On déchiffra l'inscription suivante : "Ici gît le roi Arthur, celui qui fut et qui sera."
A cause de son lien avec la légende arthurienne, l'abbaye devint
une des plus riches et des plus puissantes d'Angleterre. En 1539, les
envoyés du roi Henry VIII exécutèrent son dernier abbé, Richard
Whyting, au sommet du pic. L'abbaye fut ensuite détruite et livrée à
l'abandon.
En 1907, l'Église d'Angleterre racheta les ruines pour le prix de
36 000 livres sterling. Après des siècles d'oubli et de vandalisme, il
était nécessaire de faire des fouilles approfondies : tout avait
disparu, même l'endroit où avaient habité les moines. On choisit un
architecte de quarante-trois ans, du nom de Frederick Bligh Bond, pour
mener à bien ces recherches.
Considéré comme un des meilleurs spécialistes de l'architecture
gothique en Angleterre, restaurateur d'anciennes églises, Bond semblait
qualifié pour cette tâche. L'Eglise anglicane ne l'aurait cependant pas
choisi avec autant d'enthousiasme si elle avait su que Bond
s'intéressait de très près à l'occultisme !

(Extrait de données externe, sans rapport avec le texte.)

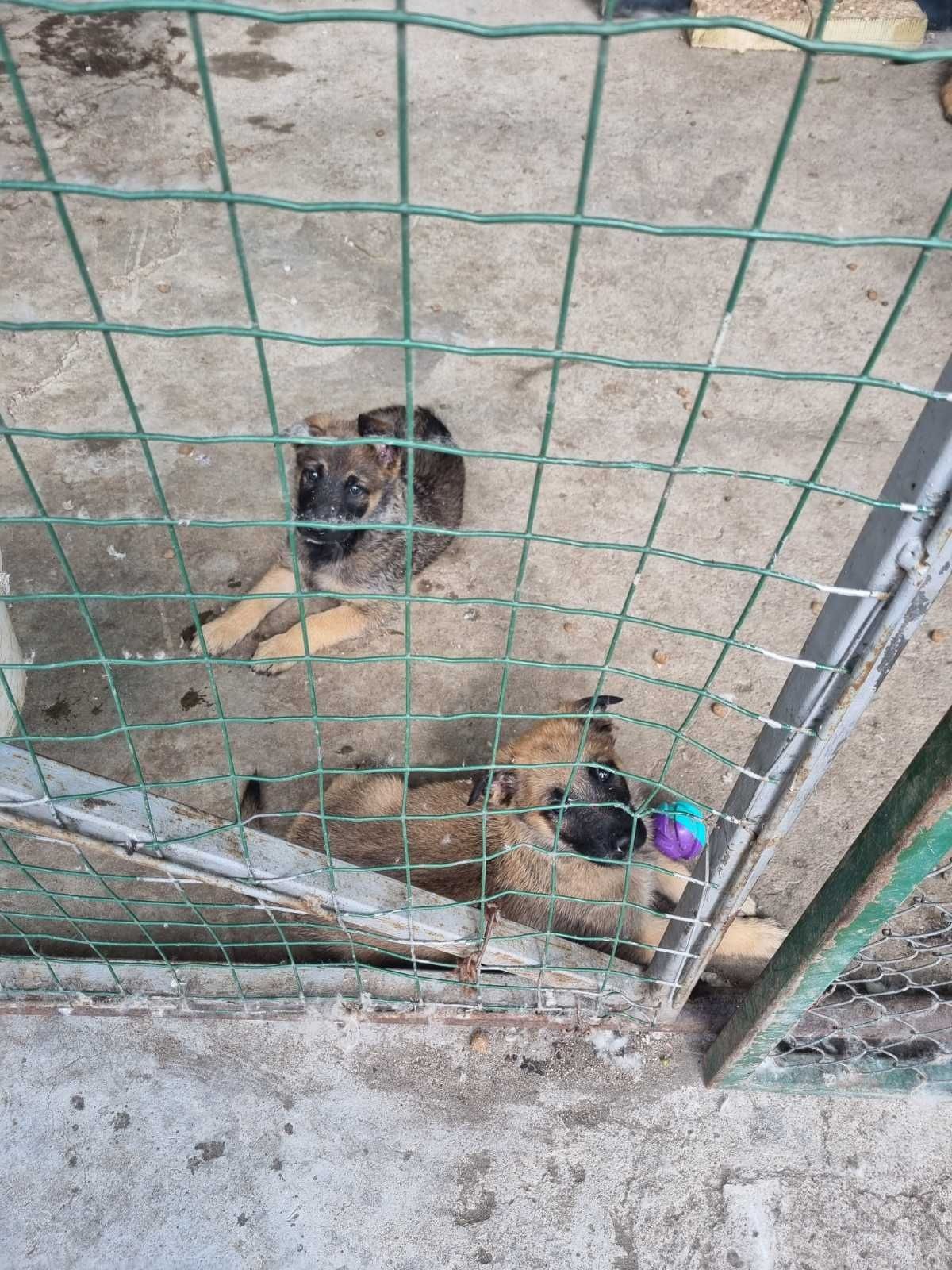 Продавам Белгийска овчарка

Il avait été un enfant rêveur, toujours plongé dans les livres. Ses
débuts dans la vie active ne lui avaient apporté que désillusions.
Jusqu'au jour où il avait lu un livre intitulé The night side of nature
- "La Face cachée de la nature" - de Katherine Crowe. Best-seller de
l'époque victorienne, ce livre traitait en détail des pouvoirs
psychiques et des mystères occultes. Profondément marqué par cet
ouvrage. Bond devint un adepte des sciences occultes et s'y intéressa
jusqu'à la fin de sa vie.
En devenant l'élève de l'architecte Charles Hansen, spécialiste de
l'architecture gothique, Bond saisit la chance que lui offrait le
destin de développer concrètement l'amour romantique qu'il portait à
l'époque médiévale. En 1907, il était un des architectes anglais les
plus connus et les plus respectés. Mais l'uvre qu'il accomplit à
Glastonbury allait mettre un terme à cette renommée.

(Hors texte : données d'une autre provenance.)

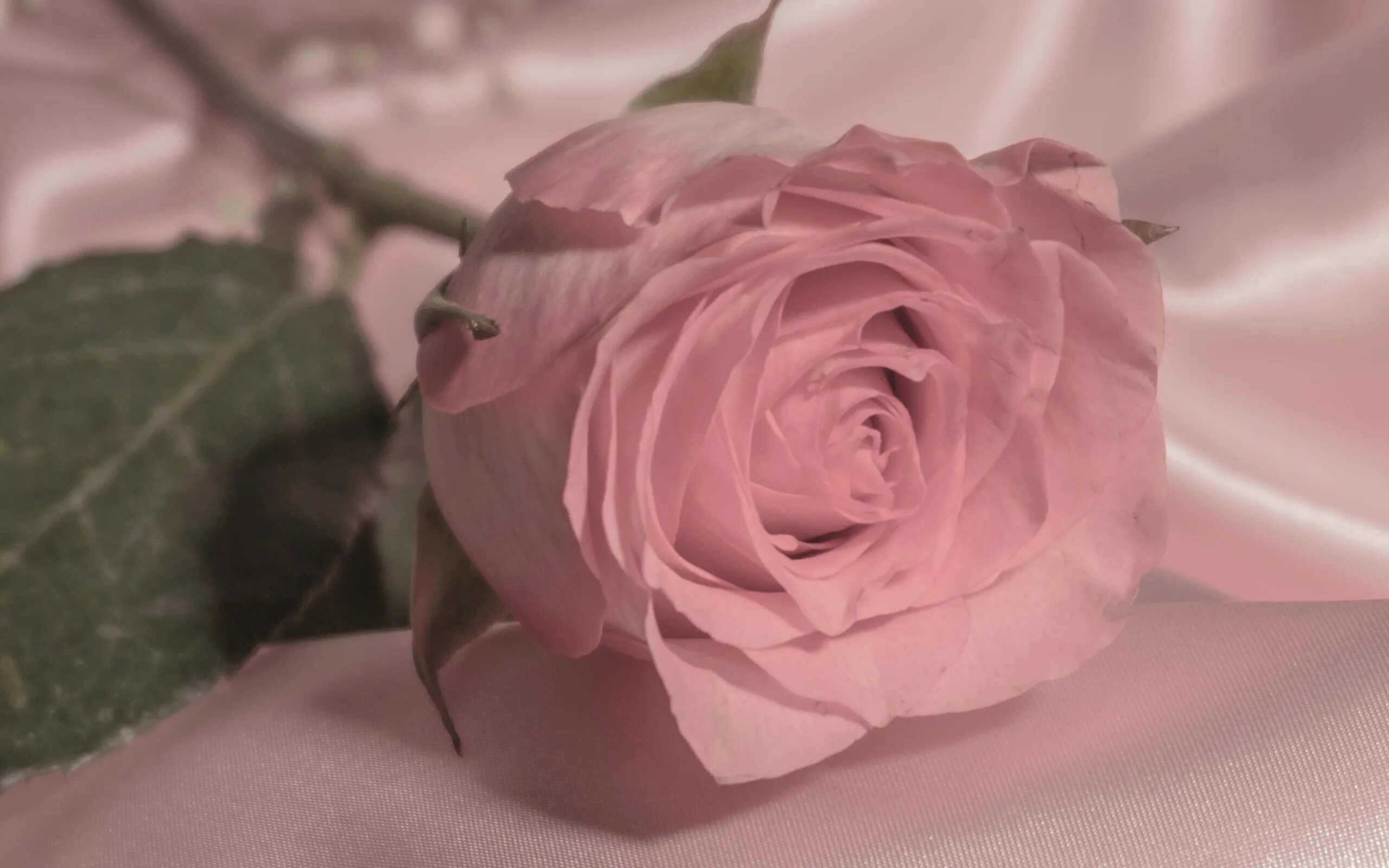 Нежные розы. Нежные розовые розы.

A la fin du XVe siècle, à l'instigation de Richard Bere, dernier
abbé de Glastonbury, l'abbaye avait vu naître le culte de Joseph
d'Arimathie - l'oncle du Christ -, qui, selon la légende, serait venu à
Glastonbury avec l'enfant Jésus et qui y aurait, plus tard, amené le
calice de la Cène, le Saint-Graal. Pour célébrer ce culte, l'abbé Bere
avait fait construire deux chapelle Edgar. Bond avait pour mission de
retrouver ces deux chapelles, totalement détruites par les émissaires
d'Henry VIII. Personne n'avait plus la moindre idée de leur
emplacement.
Problème mineur : l'argent manquait pour entreprendre des fouilles
systématiques. Bond devait donc compter sur sa chance. Il avait aussi à
faire face à la rivalité d'un autre architecte, Caroe, qui avait pour
ambition de "préserver les ruines". Il espérait bien devancer Bond et
s'attribuer le mérite d'éventuelles découvertes intéressantes. Il
fallait donc réussir, et vite.
Bond n'hésita pas : il résolut d'entrer en communication avec l'au-delà...

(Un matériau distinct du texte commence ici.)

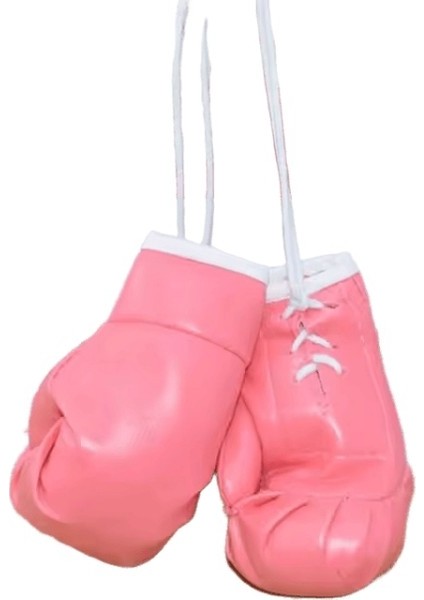 Baihu 10CM Mini Boks Eldiveni Çanta Charm Pendan Anahtarlık Adam Boks Eldiveni Mücadele Anahtarlık A (Yurt Dışından)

Ce que, bien sûr, il n'admit pas. Du moins pas en ces termes.
D'après lui, il se livra à une "expérience psychologique". A l'époque,
on parlait beaucoup, dans les cercles occultes, des correspondances
croisées : à différents moments, des médiums reçoivent des messages en
écriture automatique ; quand on les confronte, ils forment un tout
complexe.
Bond décida d'utiliser cette méthode pour l'aider à mener à bien
les fouilles de Glastonbury. Il avait un ami médium du nom de Alleyne
Bertlett, qui avait reçu des messages en écriture automatique.
L'après-midi du 7 novembre 1907, Bartlett et Bond s'installèrent dans
le bureau de Bond à Bristol et se mirent à interroger les esprits.
Leur méthode était simple, Bond prit place à une table de bois,
face à Bartlett, qui tenait un crayon à la main, avec une feuille de
papier vierge devant lui. Bond posa la main sur celle de son ami et
commença à poser des questions : " Pouvez-vous nous donner des
renseignements sur Glastonbury ? "
La main de Bartlett se mit à remuer. Plus tard, les deux hommes
déchiffrèrent le message écrit d'une petite écriture irrégulière :
"Toute connaissance est éternelle et peut s'acquérir par sympathie
mentale. Je n'étais pas en sympathie avec les moines. Je n'ai pas
encore trouvé de moines."
A première vue, cela semblait prometteur. Bond précisa qu'il
pouvait faire venir des moines de sa connaissance. Peut-être cela aiderait-il à établir la liaison.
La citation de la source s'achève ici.